Corporate structures and union certifications
Communications sector employers have become quite adept at creative corporate structures that get them around union certifications.
At Telus, unionized workers are increasingly isolated at various affiliates, in which non-unionized workers perform the same work. More than 200 jobs could be unionized.
Quebecor (Groupe TVA, Videotron, Journal de Québec) has also moved its unionized employees to non-unionized units in recent years, while demanding that these workers give up their collective agreement to keep their jobs. What’s more, since November 2023, when TVA announced it would lay off over 500 members, the company has moved its operations to the Journal de Montréal offices, and Journal de Québec is getting ready to join TVA’s teams in Québec City.

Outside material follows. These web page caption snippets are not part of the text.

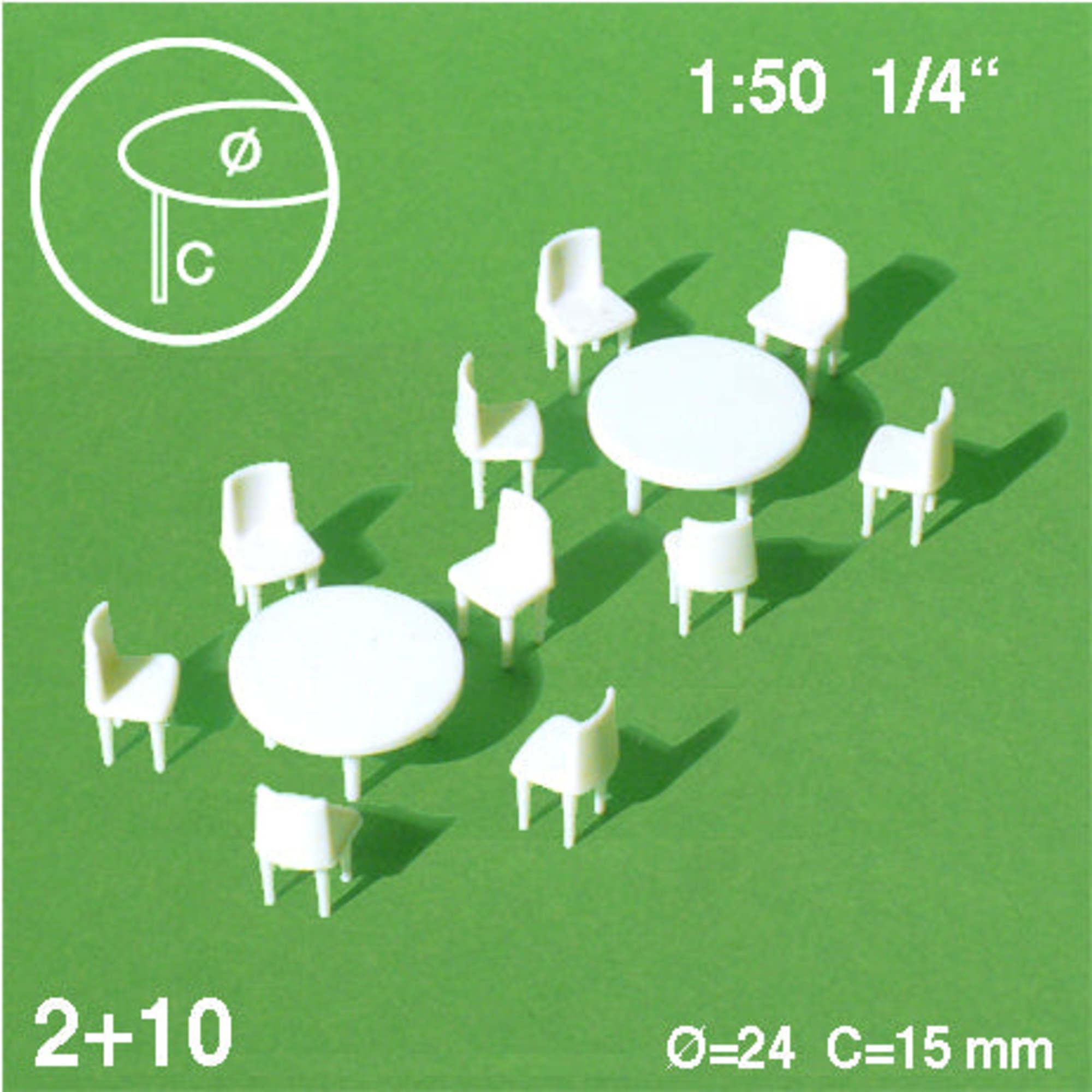 Round Tables + 10 Chairs White 1:50 H = 15mm D = 24mm (2 pcs)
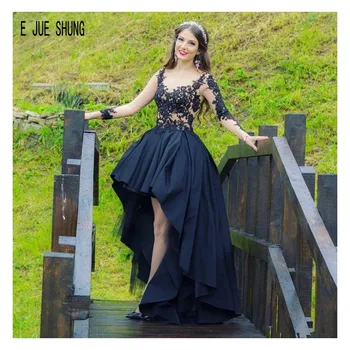 E JUE SHUNG приказно черните сватбени рокли Чисто O шия с дълги ръкави бутон Назад апликация висока ниска сватбени рокли роба де Мари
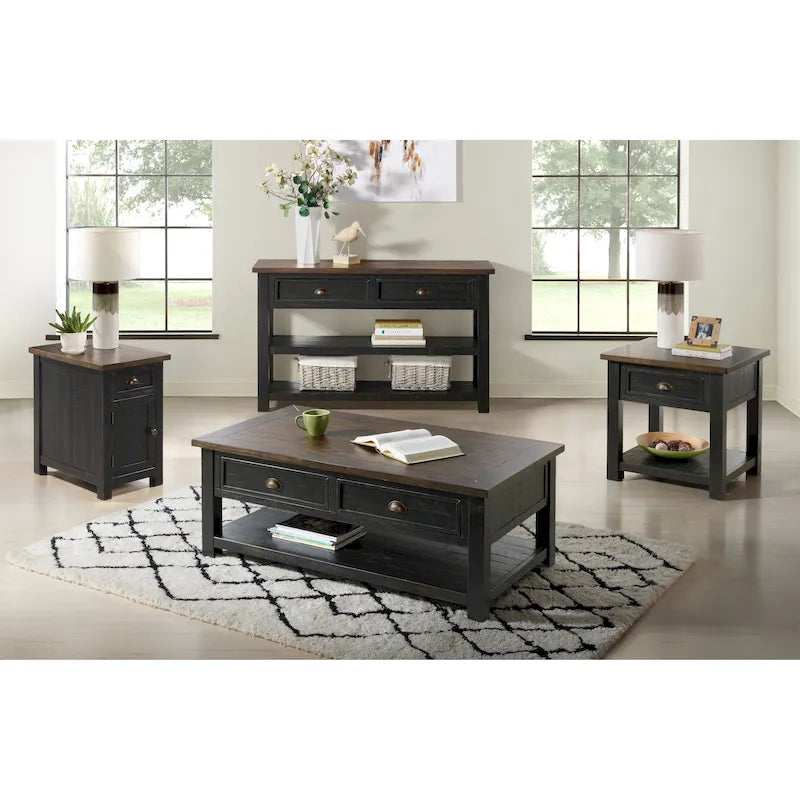 Mesa auxiliar Monterey de madera maciza con tomas de corriente ocultas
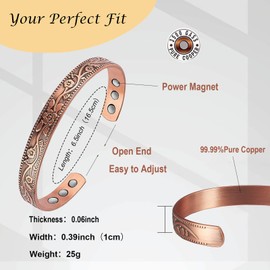 UtenoTureH Magnetic Copper Bracelet for Women for Arthritis, 6.5'' Adjustable Solid Copper Bracelet, with 3500 Gauss Magnet Jewelry Gifts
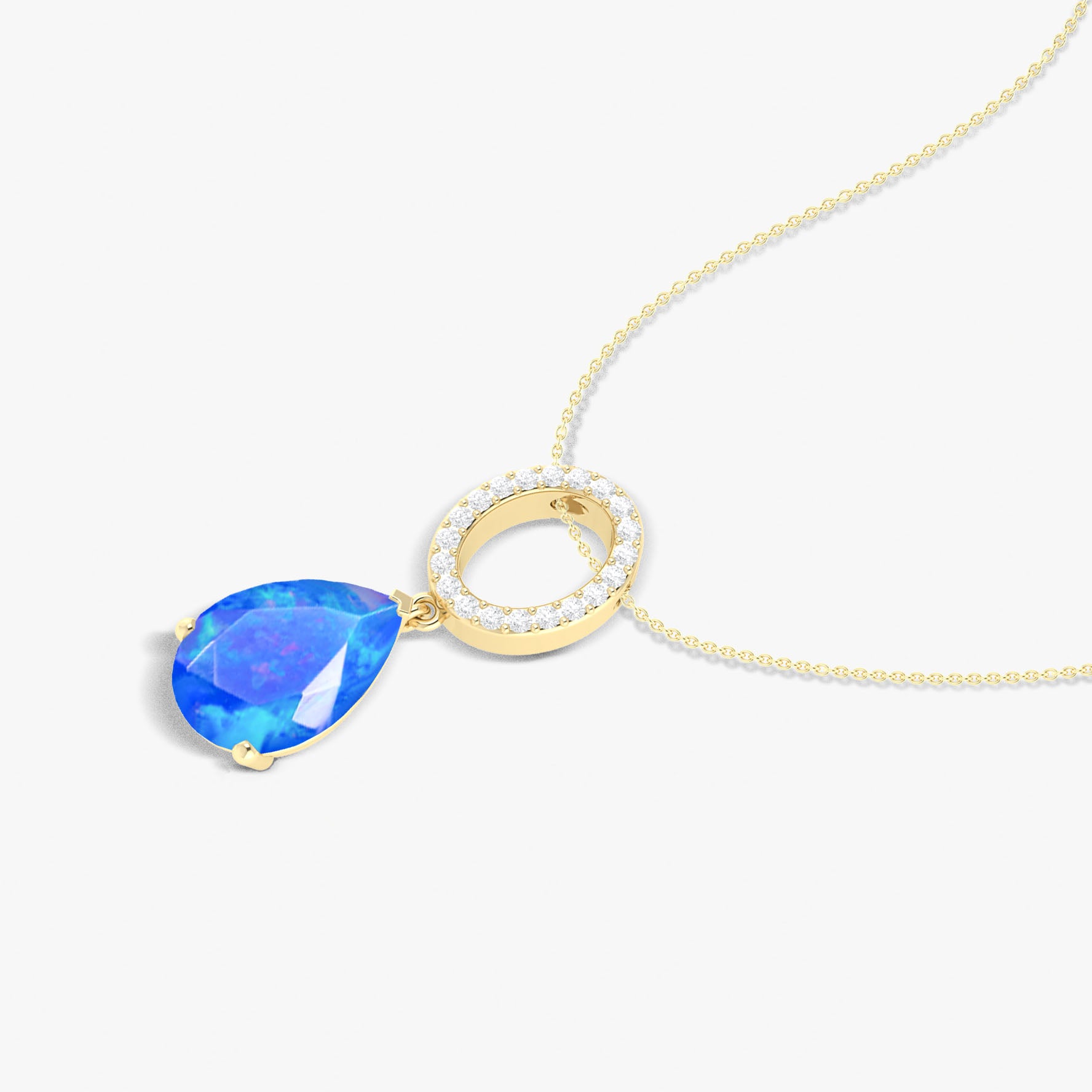 Natural Blue Opal Pear Stone Drop Chain Pendant Necklace for Women - Elegant Boho Jewelry Gift for Birthday, Anniversary & Everyday Wear
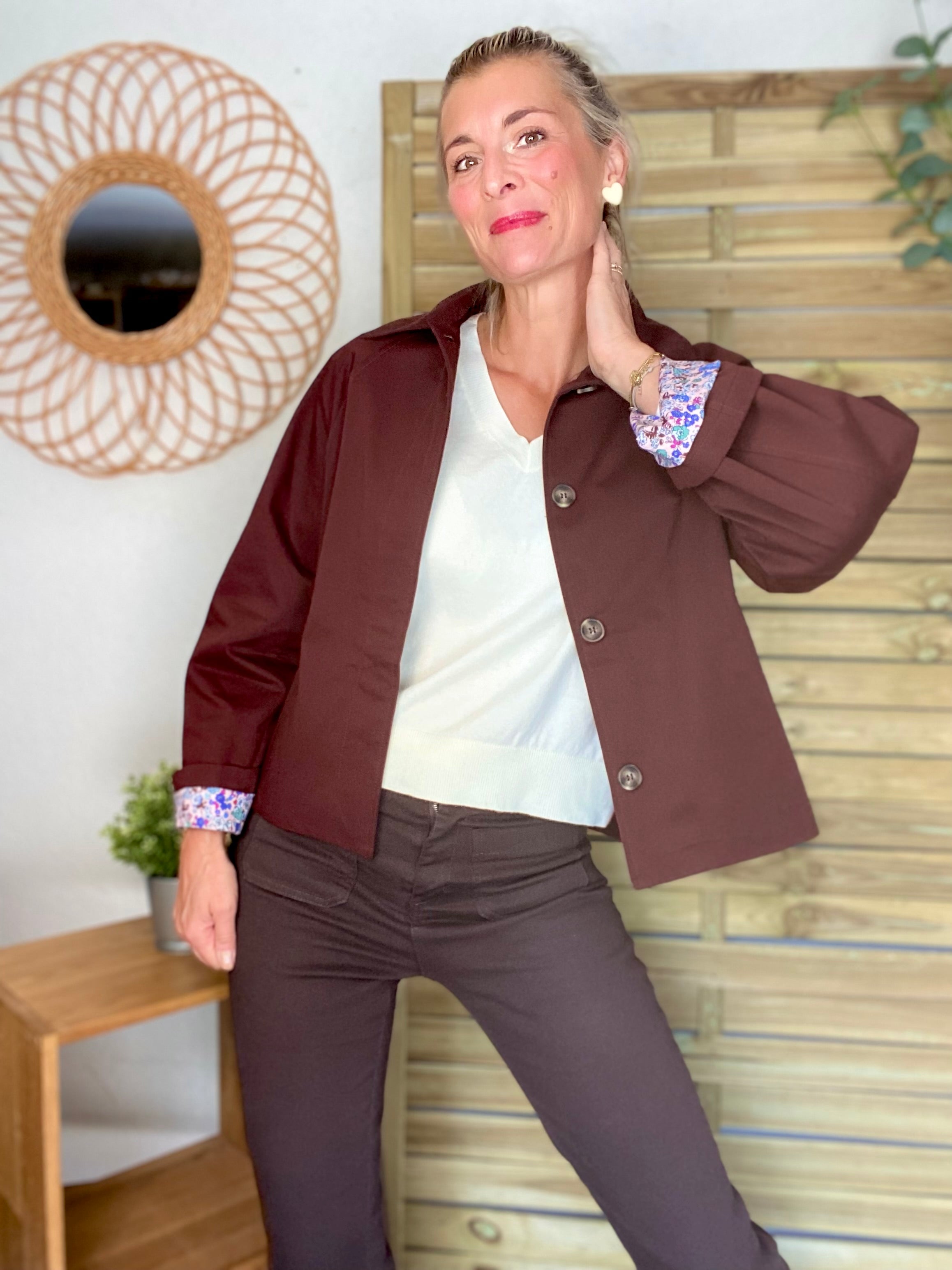 Veste Trench en coton bordeaux foncé avec Liberty - MAHAUT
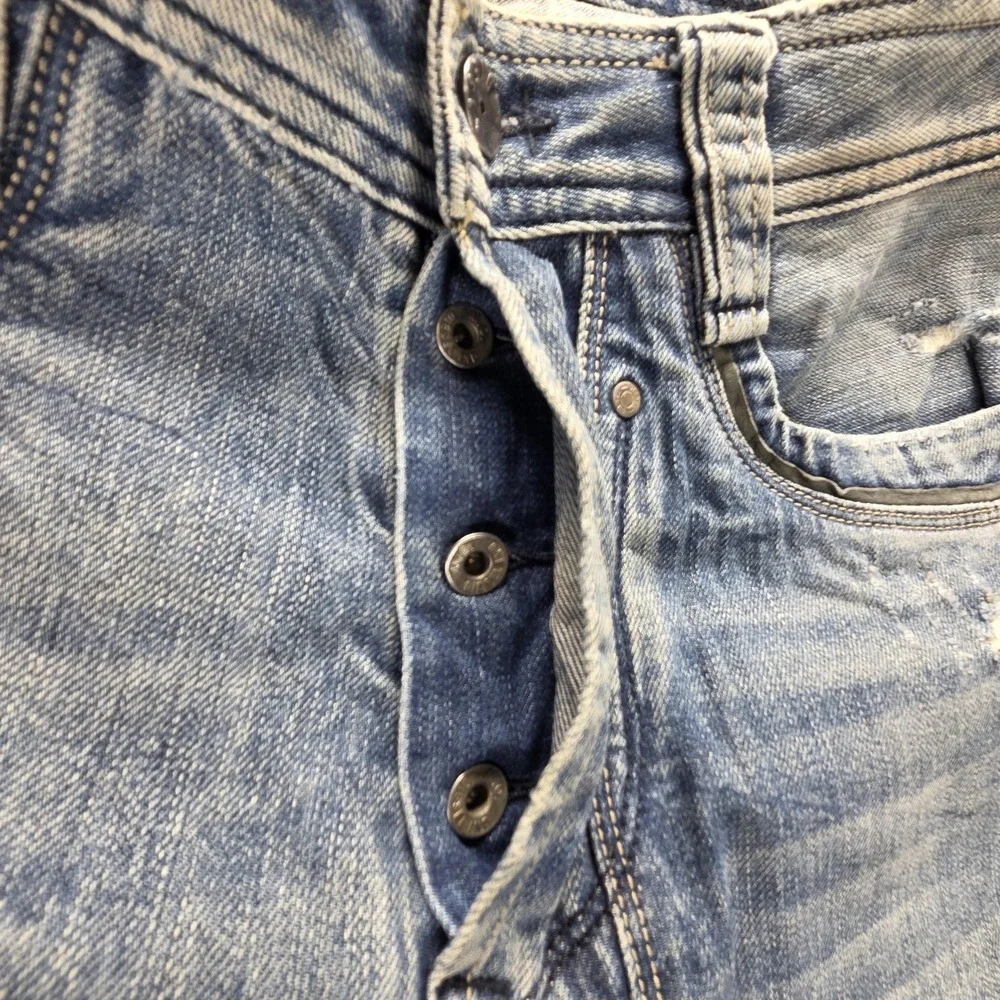 Diesel Jeans Mens 30x32 Blue Timmen Regular Straight Distressed Button Fly 0884C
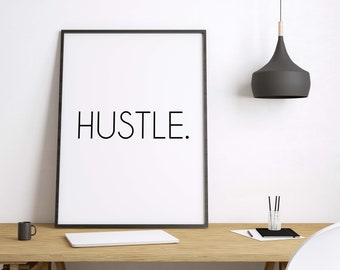 Poster: drukte | Perfect voor mensen die graag werken. Goed voor motivatie, zwart-wit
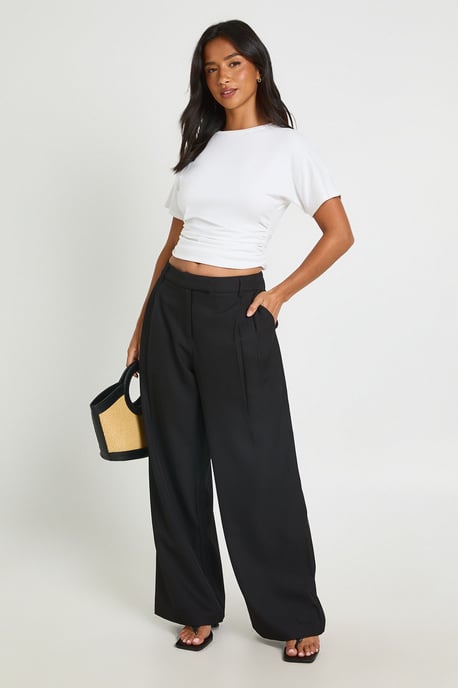 Petite Boohoo Basics Tailored Wide Leg Trouser - Image 1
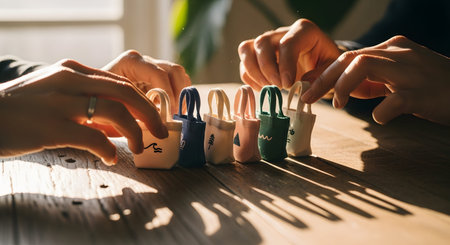Two pairs of hands arrange a row of colorful miniature tote bags on a wooden table. The small bags feature different printed icons, and the scene is lit by natural light, suggesting a product display or craft workshop.の素材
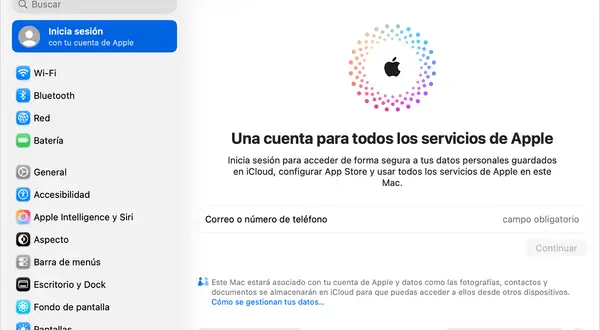 Pantalla de inicio de sesión de Apple. Permite crear ID Apple niño para acceder a iCloud y otros servicios.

Moving staff around causes space constraints, as well as potential concerns about union certification and diversity of information.
Underfunding of the National Film Board
The NFB’s stagnating budget along with rising inflation in recent years has led to a considerable loss in its purchasing power, which threatens the jobs of members working for this public film producer.
BARGAINING
Wages, working conditions and job losses
Unionized workers in this sector are paid relatively good wages, but some trades find it hard to retain talent. That is especially the case for IT and middle management positions, where the gap continues to widen between the wages our members earn and the salaries paid by other companies. This has prompted many members to resign, despite losing a better benefit package.
However, due to rising inflation, most locals in the telecommunications subsector have managed to secure more substantial wage increases than in the past, up to 5.5% a year. That is in sharp contrast to the media industry. With media employers facing declining revenues, the negotiated wage increases range from 1% to 3%.
Some employers are beginning to require a return to in-person work, at least part of the time. Not all members are happy about this, which causes division and more complicated bargaining.
Subcontracting and precarious employment
As the communications sector is nearly entirely private, profit is the predominant goal. In the last several years, there has been an increase in the use of subcontractors, both in Canada and abroad (where wages are lower and working conditions are worse), as well as temporary staff and freelancers.
Despite this, during their last bargaining session, our members at Cogeco succeeded in putting a stop to the hiring of temporary staff. As a result, all local members now work full-time, with the exception of those who have opted for part-time work.
Training
Given the rapid technological advancements and the adoption of AI, it is increasingly important for workers in the sector to receive training and develop their skills.
While some employers have training budgets, others insist that workers are, at least in part, responsible for keeping their job skills up to date.
Pension plans
Nearly all workplaces in this sector offer pension plans. There is a mix of defined-contribution plans, defined-benefit plans and group RRSPs. However, employers in private sector companies that still offer a defined-benefit plan want to scale down benefits to reduce their own risk.
CAMPAIGNS
The sector was involved in the campaign that led the House of Commons to adopt the first anti–replacement worker law, which came into force in June 2025.
It is also getting involved in a national inter-union campaign to stem job losses in the telecommunications subsector.